VTube Studioを始めたいけれど、どのトラッキング方法を選べばいいか迷っていませんか。
この記事では、初心者でも無料で始められる顔認識トラッキングの設定方法を、具体的な手順とともに解説します。Webカメラやスマートフォンなど、手持ちの機材で今すぐ始められる方法から、トラッキング精度を高めるための照明環境や設定のコツまで網羅的にお伝えします。顔が認識されない、動きがカクカクするといったよくあるトラブルの解決方法も詳しく説明していますので、この記事を読めばVTube Studioの顔認識設定をスムーズに完了でき、快適な配信環境を整えられます。
1. VTube Studioとは何か
VTube Studioは、2Dアバターを使ったバーチャル配信や動画制作を行うための顔認識トラッキングソフトウェアです。Live2D形式のモデルを動かすことに特化しており、Webカメラやスマートフォンのカメラを使って、あなたの表情や動きをリアルタイムでアバターに反映させることができます。
無料版でも基本的な機能が充実しており、初心者でも比較的簡単にVTuber活動を始められる点が大きな魅力です。Windows版とMac版が提供されているため、幅広い環境で利用できます。
VTube Studioは世界中のVTuberに利用されており、配信プラットフォームとの連携も容易です。OBS StudioやXSplitといった配信ソフトと組み合わせることで、YouTubeやTwitchなどでの本格的な配信活動が可能になります。
1.1 VTube Studioの基本機能
VTube Studioには、VTuber活動に必要な機能が一通り揃っています。ここでは初心者が知っておくべき基本機能について解説します。
顔認識トラッキング機能は、VTube Studioの中核となる機能です。カメラに映ったあなたの顔を認識し、目の動き、まばたき、口の開閉、頭の傾きや回転などを検出して、アバターに反映します。この機能により、自然な表情と動きを持ったキャラクターとして配信や動画制作ができます。
Live2Dモデルの読み込みと表示機能も重要です。VTube Studioは、Live2D Cubism形式のモデルファイルを読み込むことができ、複数のモデルを登録して切り替えることも可能です。自分で作成したモデルはもちろん、BOOTHなどで購入したモデルも使用できます。
| 機能カテゴリ | 具体的な機能 | 無料版での利用 |
|---|---|---|
| トラッキング | 顔認識、表情検出、頭部の動き検出 | 利用可能 |
| モデル管理 | Live2Dモデルの読み込み、複数モデルの登録 | 利用可能 |
| カスタマイズ | 感度調整、表情の微調整、ホットキー設定 | 利用可能 |
| 配信連携 | 仮想カメラ出力、背景透過 | 利用可能 |
| アイテム機能 | アクセサリーや小物の追加表示 | 一部制限あり |
背景透過機能により、グリーンバックなどの特殊な背景なしでも、アバターだけを配信ソフトに取り込むことができます。これにより、ゲーム画面や他の映像の上にアバターを重ねて表示する配信スタイルが実現できます。
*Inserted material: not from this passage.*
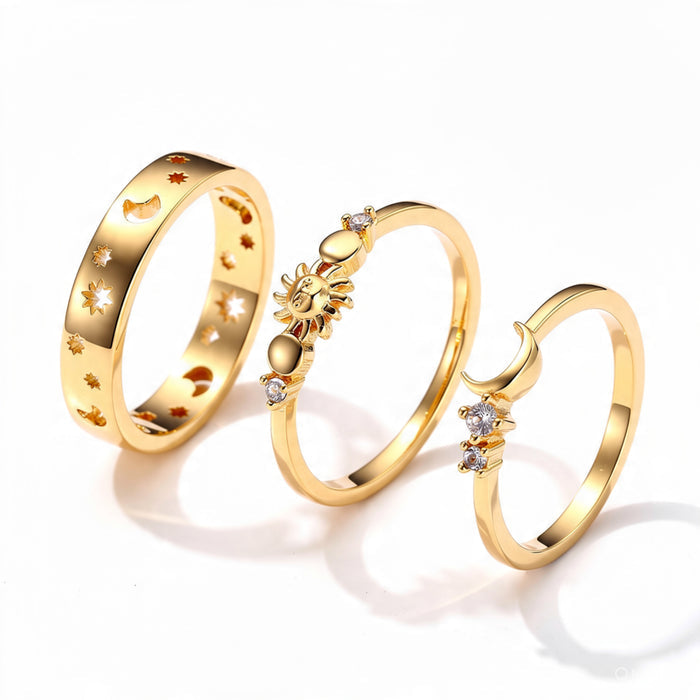 Three gold celestial rings on pure white background: wide band with moon and star cutouts, sun ring with crystal details, and open crescent moon ring with crystals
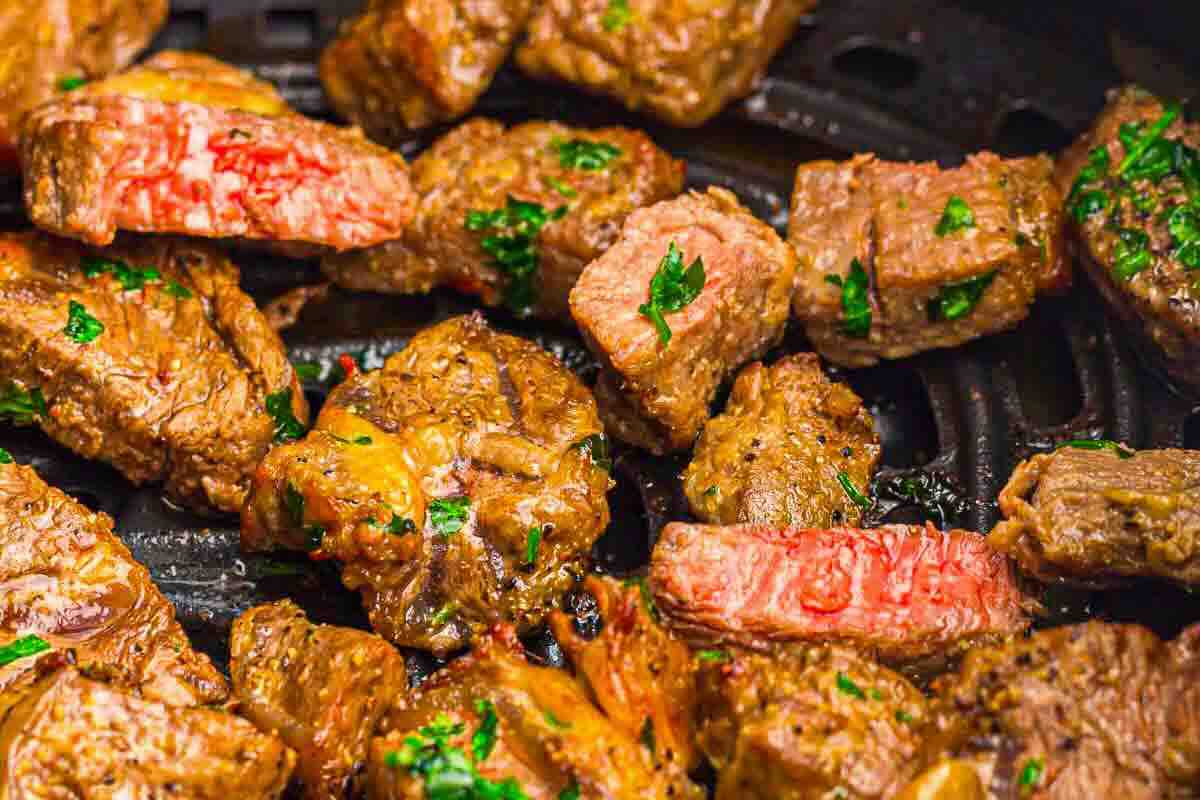 Close-up of cooked steak bites on a black surface, garnished with chopped parsley.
表情やポーズのホットキー設定機能も便利です。キーボードの特定のキーを押すことで、あらかじめ設定した表情やポーズに瞬時に切り替えることができ、配信中のリアクションを豊かにすることができます。
VTube Studioを快適に動作させるには、ある程度のパソコンスペックが必要です。特にCPUとメモリの性能が重要で、推奨スペックとしてはIntel Core i5以上またはAMD Ryzen 5以上のCPU、8GB以上のメモリが目安となります。より高画質なモデルや複数のアプリケーションを同時に動かす場合は、さらに高いスペックが求められます。
1.2 他のVTuberソフトとの違い
VTuber活動に使えるソフトウェアは複数存在しますが、VTube Studioには他のソフトにはない特徴があります。ここでは代表的なVTuberソフトとの違いを解説します。
Animazeは3Dアバターとカートゥーンスタイルのアバターに特化したソフトウェアです。独自のアバター作成システムを持ち、簡単にオリジナルキャラクターを作れる点が特徴ですが、Live2Dモデルを使いたい場合はVTube Studioの方が適しています。VTube StudioはLive2D専用に最適化されているため、より細かい表情の表現が可能です。
3teneは3Dモデル(VRM形式)を動かすことに特化したソフトウェアです。全身トラッキングにも対応しており、体全体を使った表現ができますが、2Dモデルの扱いには向いていません。2Dキャラクターでの活動を考えている方には、VTube Studioが最適な選択肢となります。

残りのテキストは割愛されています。